1. All longhouses must be built on the bank of the main river, so that their inhabitants shall be able to bathe and draw drinking water easily from it;
2. No land owner shall stop the members of the community from building a longhouse on his land;
3. No member of the longhouse may plant fruit trees further than five fathoms from either side of the longhouse;
4. In case the longhouse is abolished due to old age, all fruit trees which have been planted in the compound will be owned by the planter and his descendants.


Uyut “Bedilang Besi” was one of the most powerful war leaders of the Saribas of his time.
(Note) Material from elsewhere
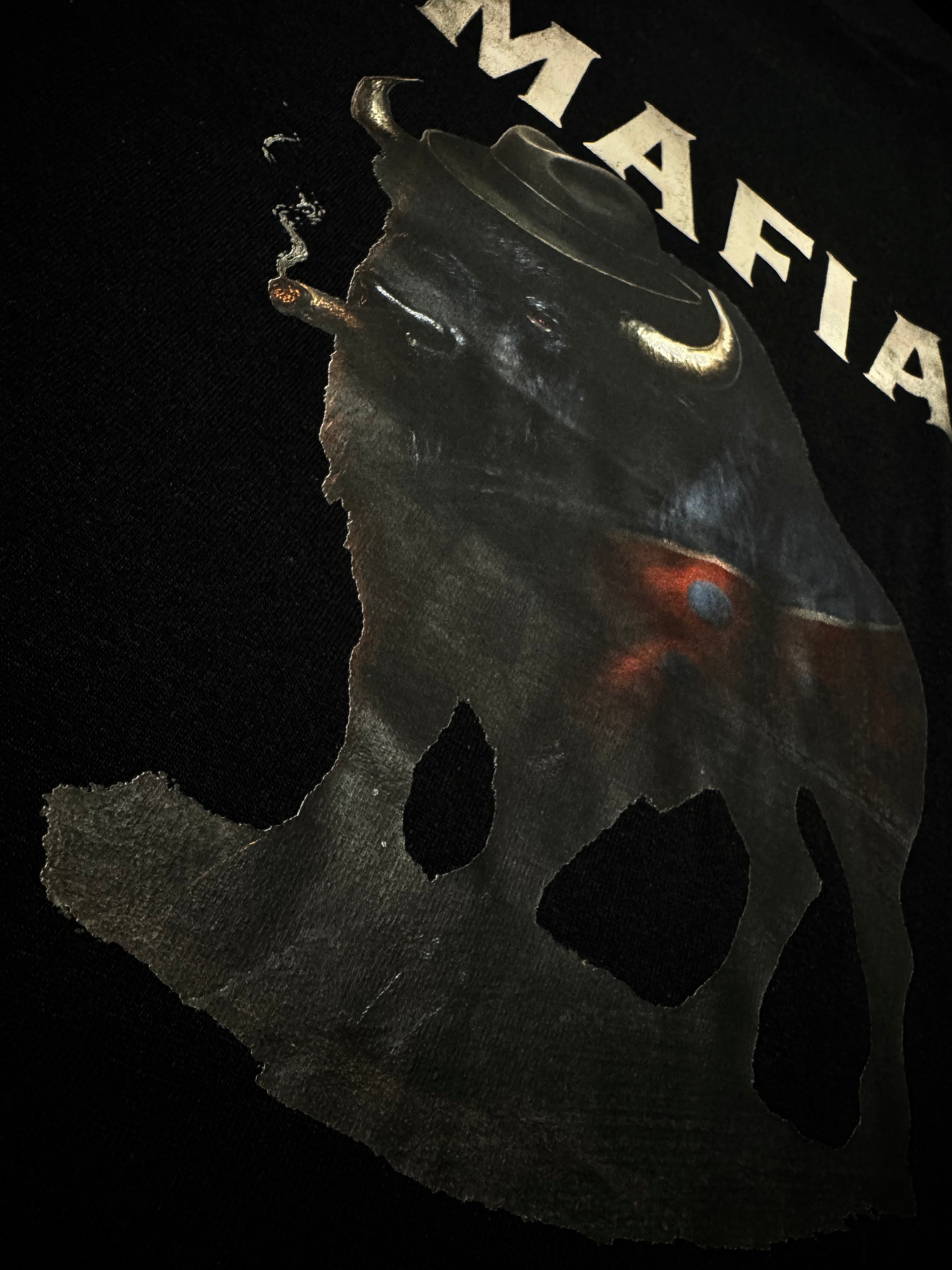 Original Smoking Buffalo T-Shirt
This was because his sons, nephews and sons-in-law were all brave warriors. Due to his victories in war, Uyut held a grand festival of gawai diri at Lubok Jalu above the mouth of the Lingit stream in the Anyut watershed. At this feast he made a Rhinoceros hornbill statue which was later burnt together with the Senunok longhouse, in 1944.
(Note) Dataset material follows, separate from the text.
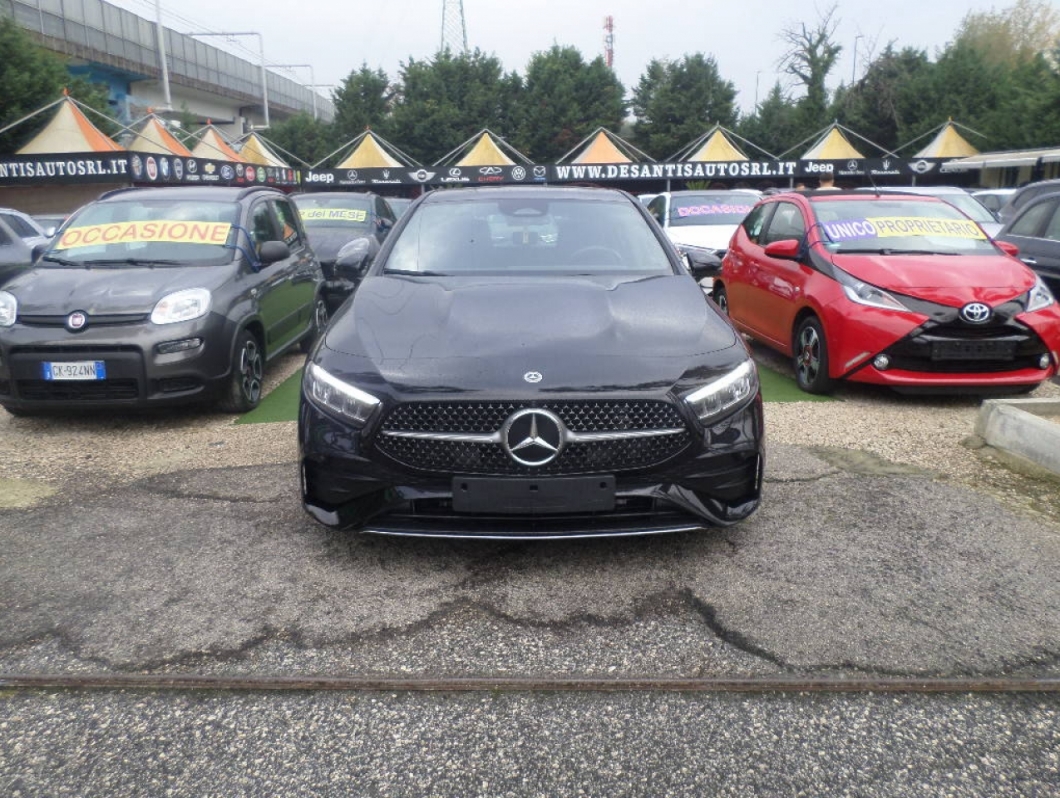 mercedes cla..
It was because of his importance that Bedilang changed the old tradition of drinking the holy wine for the Gawai Antu festival. He and his sons and sons-in-law refused to drink this wine, unless it was handed to them with timang jalong songs to praise their bravery in war. Thus it was from Bedilang’s request that the songs of timang jalong originated at this time, and have been sung at all Gawai Antu festivals to the present day.


From the days of Bedilang up to those of his great grandson who was named after him (Uyut), the Paku Iban were continually at war with the Sebuyau and the Balau Dayaks of the lower Batang Lupar river, as well as with the Seru of the Krian and Beliun of the Rejang.
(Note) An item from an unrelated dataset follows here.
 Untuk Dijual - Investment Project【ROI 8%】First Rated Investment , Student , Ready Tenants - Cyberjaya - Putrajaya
When Jantan, a grandson of Awan, was a chief in the upper Paku river, he was not a formidable warrior, so he was worried about the safety of the upper Paku region, which was surrounded by a number of enemies, such as the Seru, the Beliun and also the Bukitan who had been driven out of Paku and had settled in the Julau and Kanowit districts. Because of these fears he went one day to spy out the enemy with one of his warriors named Sapitan. They walked along the range of hills at the source of the Puan and Paku streams and stayed the night at Bukit Buloh. The next day they walked again from Bukit Buloh along a range of hills situated between the Grenjang stream of the Krian and Sungai Randau towards Bukit Tangga Sadau and on to Bukit Medang. From here they walked to Bukit Lubang Remaung where they stayed another night.


That night Jantan slept just outside the mouth of a cave. In his sleep he dreamed he saw a woman who sat near him. She asked him where he had come from. Jantan told her that he and Sapitan were returning from Bukit Buloh to spy on the enemy. Hearing this, the women told him not to worry about the enemy.


“No enemy will ever come to Ulu Paku from this day onward,” she said. She told him that she was Bunsu Remaung (Tiger Goddess) who defended the Ulu Paku region from enemy raids.


To prove the truth of Jantan’s dream, it happened that after Linggir “Mali Lebu” had raided the Bukitan at Sugai in the Julau, the Katibas Iban under Gerinang and Matahari led a big force up the Julau to take revenge against the Pakus. But on the way their warriors suffered from a smallpox epidemic, which killed the majority of them and caused the survivors to retreat. Besides this, when the Rajah attacked Linggir “Mali Lebu” in the Paku twice in 1843 and 1849 his force only went up the Paku as far as Nanga Anyut, which was just below Jantan’s area.